Shah was speaking during the no-confidence motion debate in Lok Sabha, where Congress leader Rahul Gandhi, earlier in the day, tore into the Narendra Modi government over its handling of the violence in Manipur, alleging the politics of the BJP has “harmed Bharat Mata” in the state.

“I want to let the country know, the Prime Minister called me at 4.30am, and then woke me up again with a phone call the next day at 6am. For three straight days, we worked from here to ensure peace,” Amit Shah said in what was the government’s strongest response to the Opposition’s charges on Manipur in the ongoing monsoon session.

“For three days, continuously, we worked round the clock. We held 16 video conferences, sent 36,000 CAPF (central cops) personnel immediately, used air force planes, changed the Chief Secretary and DGP (police chief), sent an adviser from Surat; the Centre sent chief secretary and DGP, too. All this was done on May 4 itself,” Shah told the Lower House.

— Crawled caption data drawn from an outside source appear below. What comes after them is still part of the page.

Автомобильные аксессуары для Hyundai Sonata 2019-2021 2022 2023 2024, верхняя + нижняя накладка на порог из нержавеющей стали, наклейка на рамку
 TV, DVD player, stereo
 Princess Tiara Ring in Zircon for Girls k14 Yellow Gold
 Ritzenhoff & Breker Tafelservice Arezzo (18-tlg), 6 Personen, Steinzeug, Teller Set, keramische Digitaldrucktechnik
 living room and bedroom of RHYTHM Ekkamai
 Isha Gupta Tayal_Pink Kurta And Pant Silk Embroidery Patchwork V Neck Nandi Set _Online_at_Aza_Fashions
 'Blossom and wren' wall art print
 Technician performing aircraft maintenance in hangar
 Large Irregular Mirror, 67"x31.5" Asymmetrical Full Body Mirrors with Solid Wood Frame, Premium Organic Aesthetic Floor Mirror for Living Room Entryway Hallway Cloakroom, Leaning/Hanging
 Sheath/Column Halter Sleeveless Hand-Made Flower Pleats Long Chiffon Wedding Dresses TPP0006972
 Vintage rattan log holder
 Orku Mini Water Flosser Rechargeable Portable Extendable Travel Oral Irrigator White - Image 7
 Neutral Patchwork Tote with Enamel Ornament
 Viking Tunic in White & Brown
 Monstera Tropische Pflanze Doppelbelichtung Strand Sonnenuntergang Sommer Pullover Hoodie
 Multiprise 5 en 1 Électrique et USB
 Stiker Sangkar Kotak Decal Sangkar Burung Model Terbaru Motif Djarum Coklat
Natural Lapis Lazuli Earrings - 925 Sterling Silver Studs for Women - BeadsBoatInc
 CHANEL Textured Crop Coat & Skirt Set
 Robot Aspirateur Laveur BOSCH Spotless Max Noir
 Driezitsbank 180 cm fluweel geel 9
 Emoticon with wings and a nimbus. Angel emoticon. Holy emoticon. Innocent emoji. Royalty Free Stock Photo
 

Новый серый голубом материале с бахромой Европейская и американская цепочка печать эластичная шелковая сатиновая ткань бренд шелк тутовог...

As the Lok Sabha witnessed some fireworks during the debate on the no-confidence motion for the second day during which Gandhi also said that the members of the ruling party were “not protectors” of India, Shah appealed with folded hands for peace in Manipur and urged the warring Kuki and Meitei communities to hold talks with the Centre to resolve the issue that has triggered the ethnic violence.

“In Manipur, they (BJP) have harmed Hindustan. Their politics has harmed Hindustan in Manipur,” Gandhi alleged.

The Lok Sabha adopted a resolution read out by Speaker Om Birla appealing for peace in Manipur and it was enthusiastically supported by the BJP-led NDA members in the presence of the opposition.

Hours after Gandhi’s blistering attack on the prime minister for not visiting the strife-torn Manipur, a combative Shah, who hit back and spoke on a range of issues including on the several scams during the tenure of the Congress-led UPA, urged the opposition not to politicise the ethnic violence in Manipur that erupted on May 3.

‘Whatever happened in Manipur is shameful, but…’: Amit Shah

“I agree with the Opposition that there is a cycle of violence in Manipur … Nobody can support such incidents. Whatever happened is shameful, but to politicise those events is even more shameful,” Shah said in his nearly two-hour-long intervention.

Shah also questioned the intention of leaking the video of two women being paraded naked in Manipur just ahead of the Monsoon session of Parliament which began on July 20. The video of the incident which happened on May 4 surfaced on July 19.

Modi is scheduled to reply to the debate on August 10 which will be followed by voting — the outcome of which is already known with the numbers comfortably stacked in favour of the government.